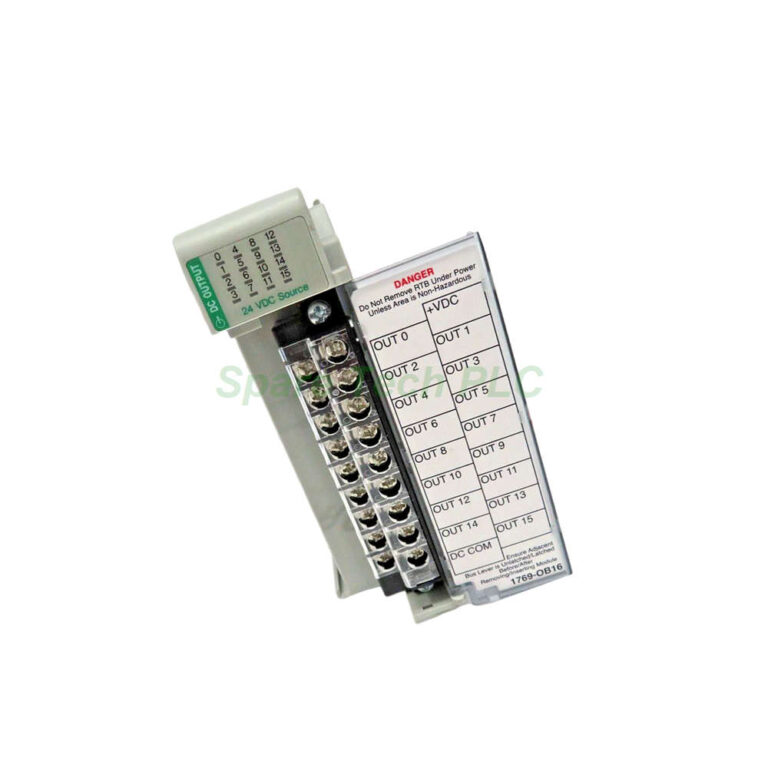 Allen‑Bradley 1769‑OB16 Output Module | 16-Point 24V DC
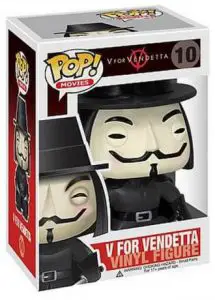 Figurine V Pour Vendetta – V pour Vendetta- #10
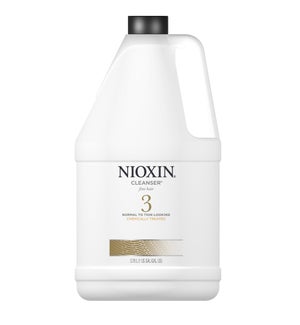 NIOXIN Gallon System 3 Scalp Therapy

* [Work instruction]
Exactly the lines from the line with "Figurine V Pour" through the end of the data are to be reproduced, and no picture is to be included.

* [Written solution]
 Figurine V Pour Vendetta – V pour Vendetta- #10
 NIOXIN Gallon System 3 Scalp Therapy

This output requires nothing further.